-- Problem to solve --
Below are some records. Set down exactly the line holding "Canasta (ID 50942), a" and every later line through the end, omitting the pictures.

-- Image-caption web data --

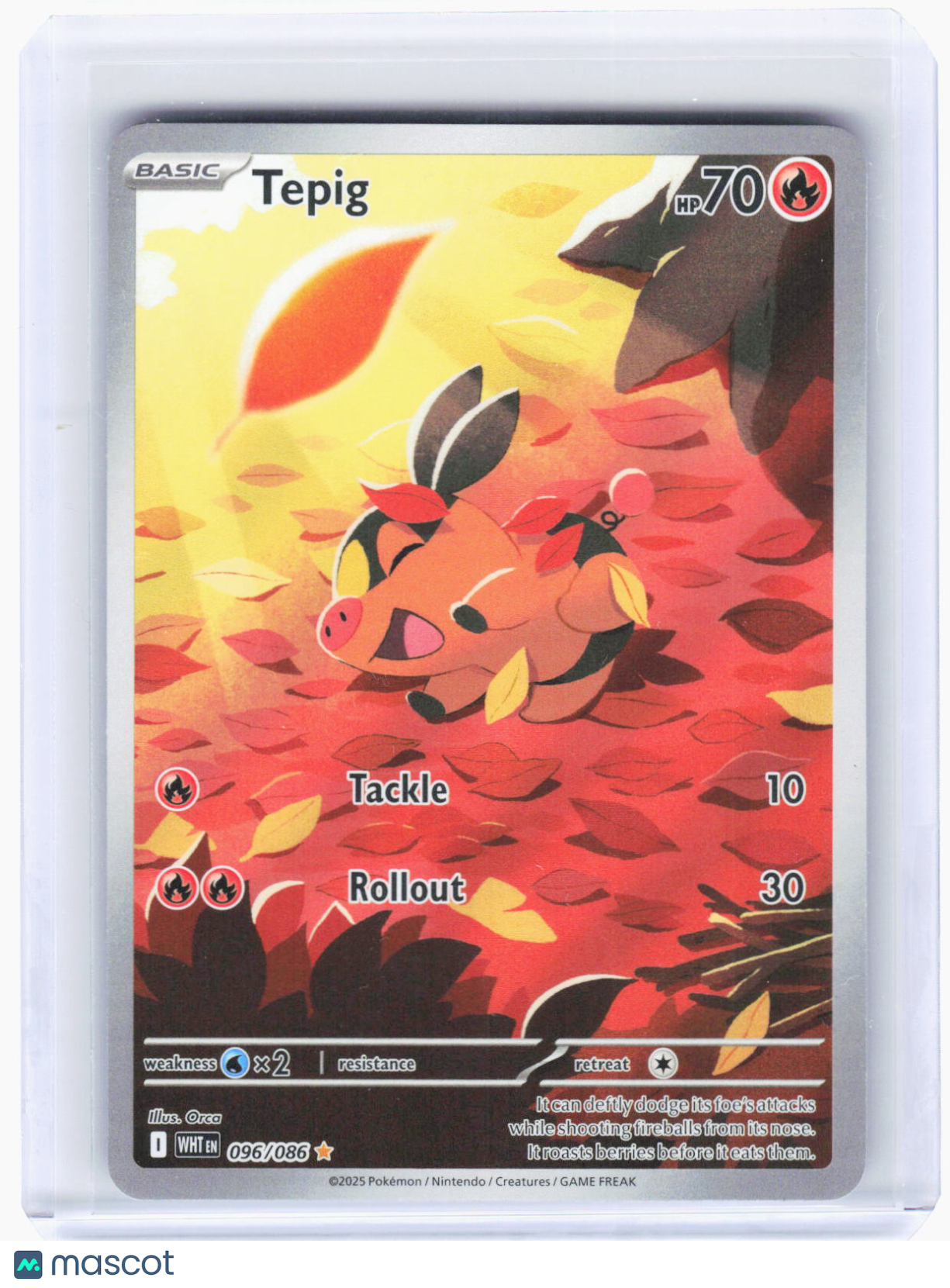 2025 Pokemon—Tepig #96/86 White Flare—Illustration Rare Foil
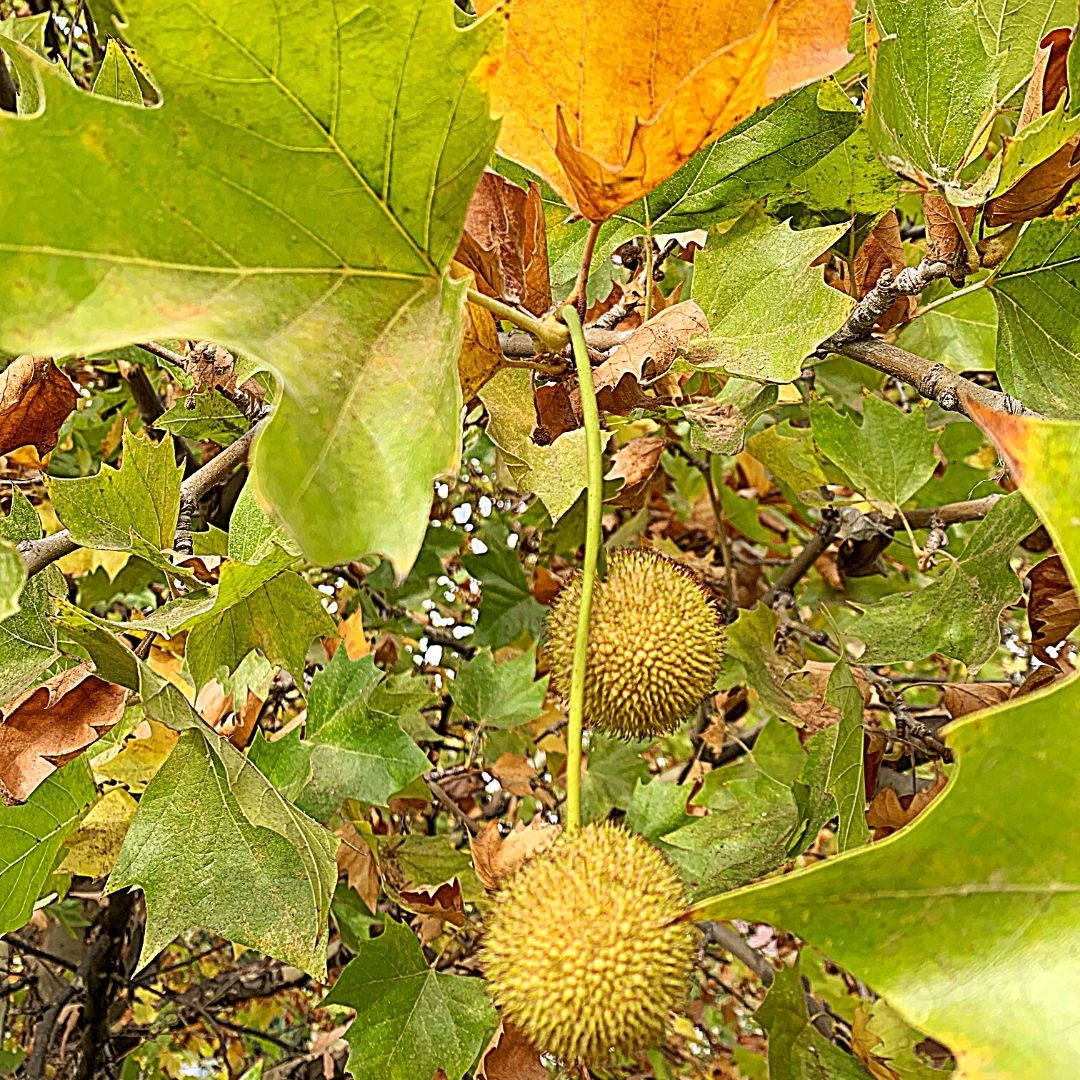 Platano Oriental - Platanus Orientalis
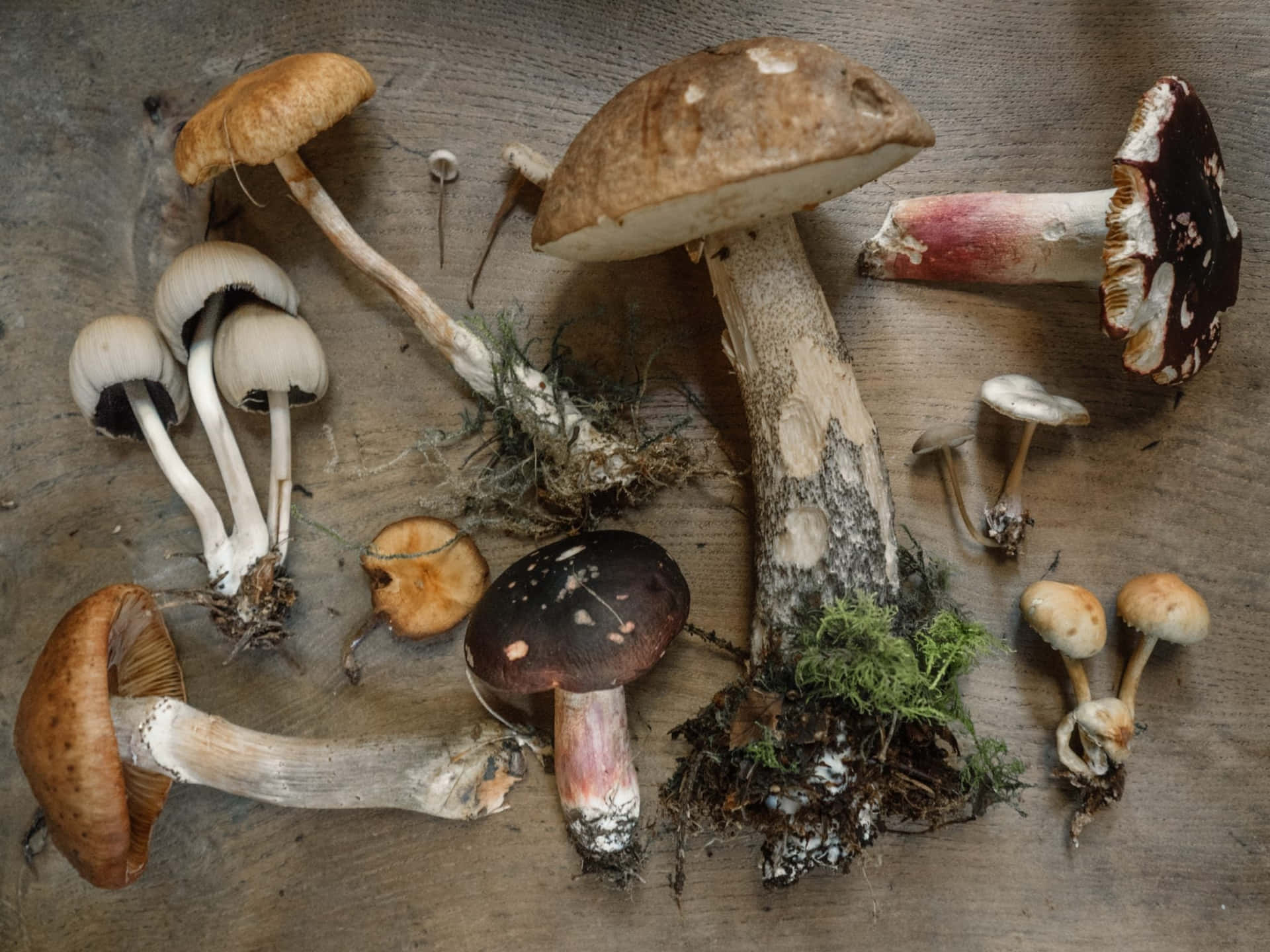 A vibrant display of various mushroom types in their natural habitat.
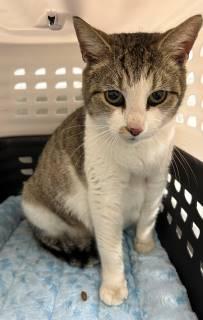 Canasta (ID 50942), a ADOPTABLE Domestic Short Hair in Manassas, VA image 2/3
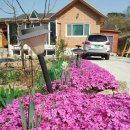 가야산농장 이미지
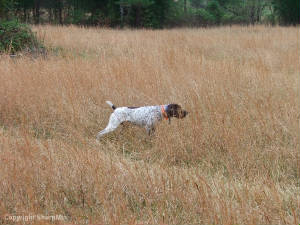 SoloFieldTraining11-13-05009.jpg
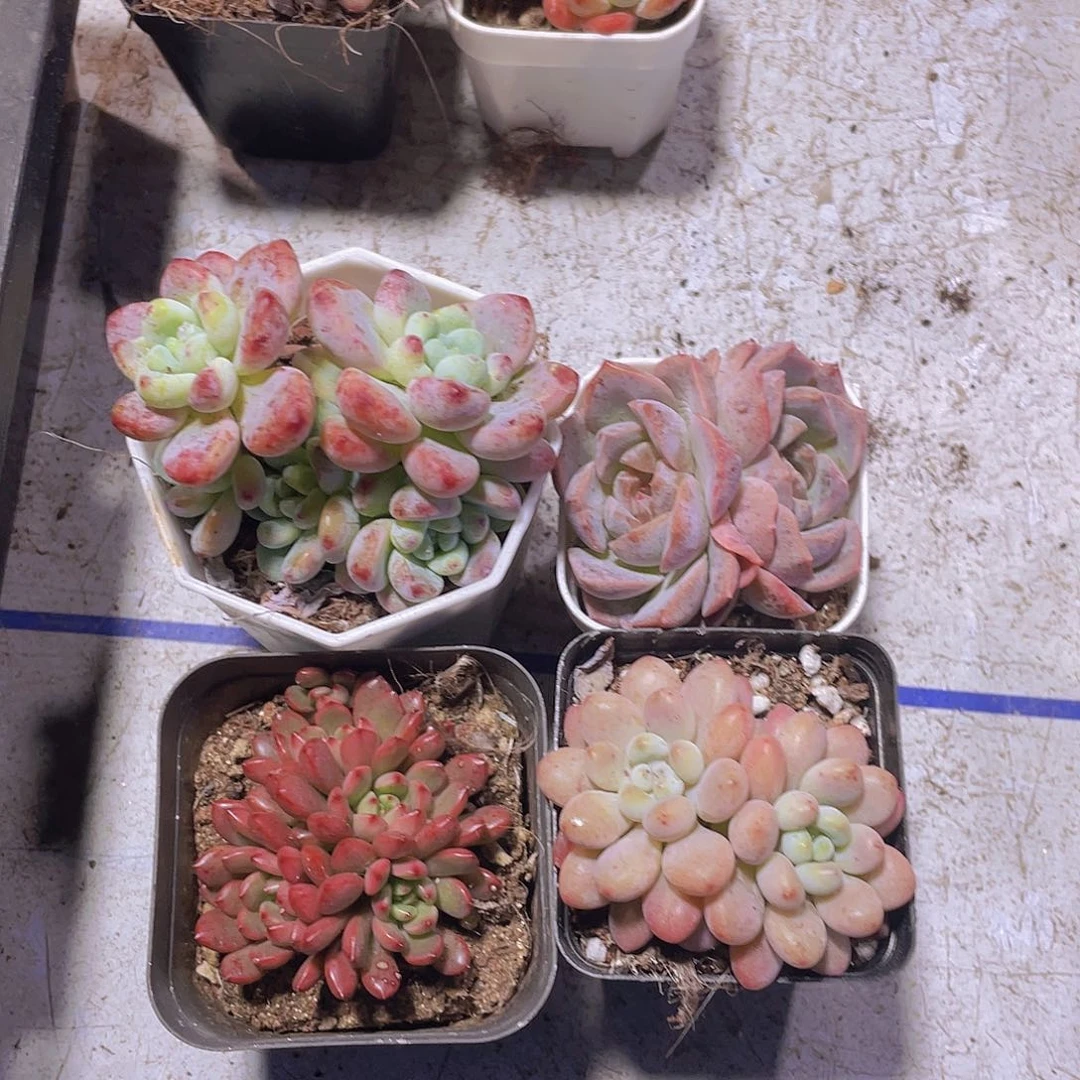 劳尔+梦幻泡影+洛可可+红宝石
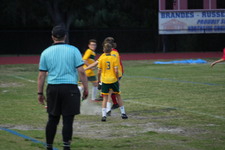 Enlarge photo 153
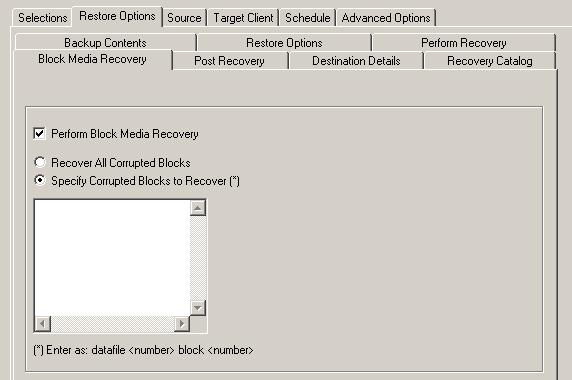 100 Chapter 6 Restore Time Based - For a time-based point-in-time recovery, select this option, and set the date and time in the fields provided.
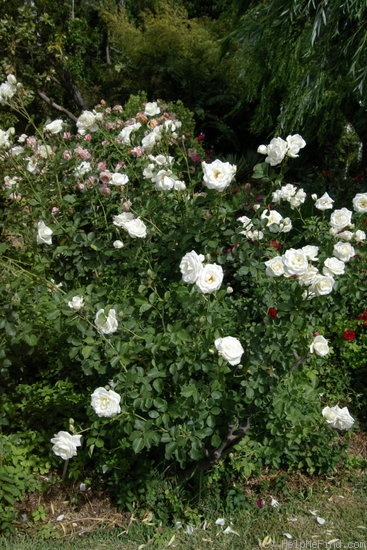 'White Spray ® (floribunda, LeGrice, 1968)' rose photo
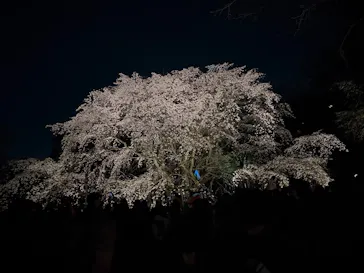 六義園に投稿された画像（2026/3/24）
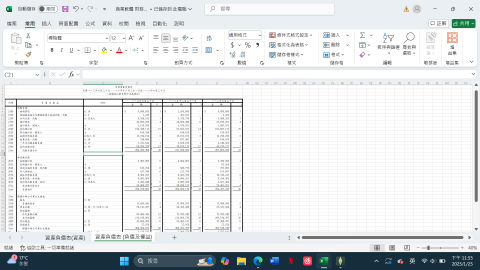 黃文俞 - 財報製作
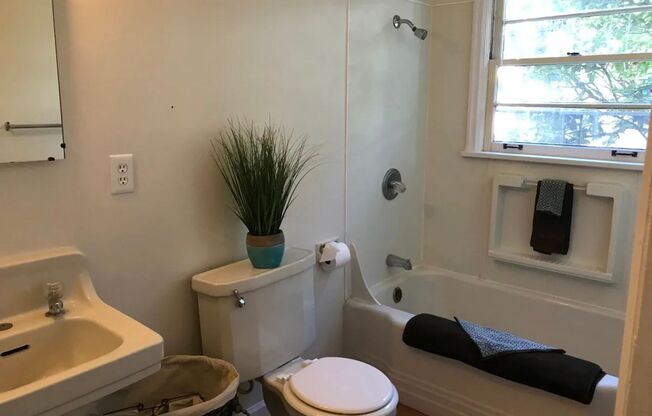 Studio, 1 bath, 456 sqft, $1,150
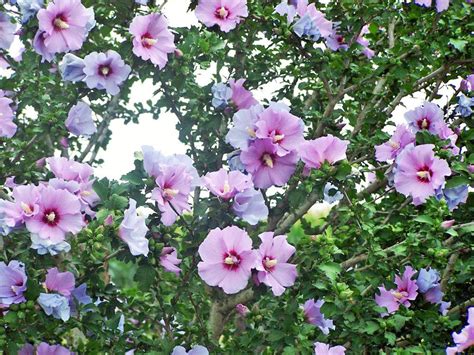Rose Of Sharon Keep Bartow Beautiful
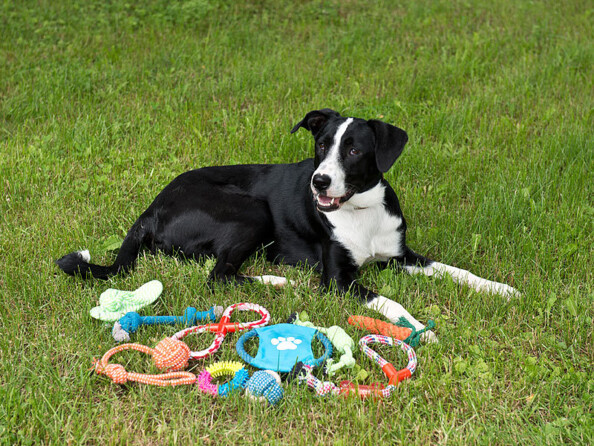 Jouets pour chiens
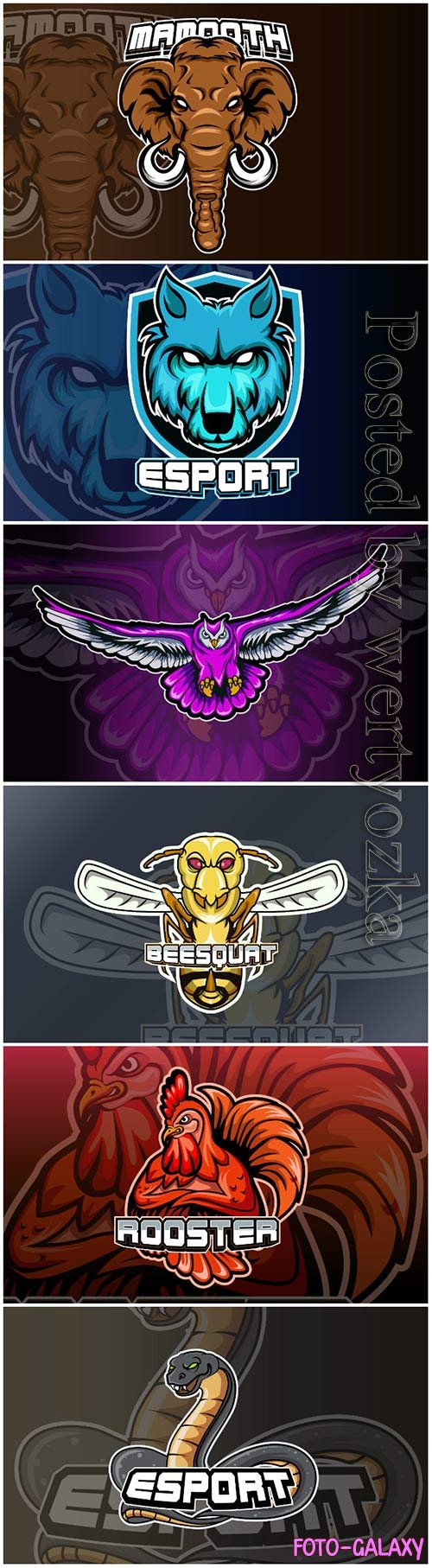 Mascot for sports and esports logo isolated premium vector vol 3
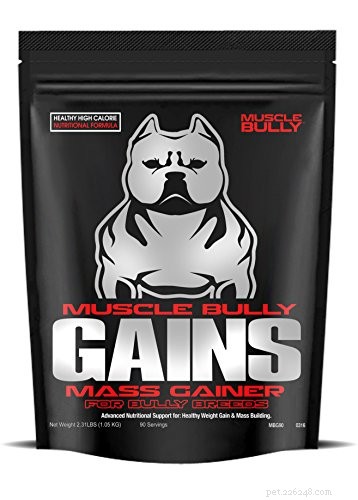 Top 5 Premium Dog Foods for Pit Bulls: Build Muscle & Strength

-- Result for this exercise --
 Canasta (ID 50942), a ADOPTABLE Domestic Short Hair in Manassas, VA image 2/3
 가야산농장 이미지
 SoloFieldTraining11-13-05009.jpg
 劳尔+梦幻泡影+洛可可+红宝石
 Enlarge photo 153
 100 Chapter 6 Restore Time Based - For a time-based point-in-time recovery, select this option, and set the date and time in the fields provided.
 'White Spray ® (floribunda, LeGrice, 1968)' rose photo
 六義園に投稿された画像（2026/3/24）
 黃文俞 - 財報製作
 Studio, 1 bath, 456 sqft, $1,150
Rose Of Sharon Keep Bartow Beautiful
 Jouets pour chiens
 Mascot for sports and esports logo isolated premium vector vol 3
 Top 5 Premium Dog Foods for Pit Bulls: Build Muscle & Strength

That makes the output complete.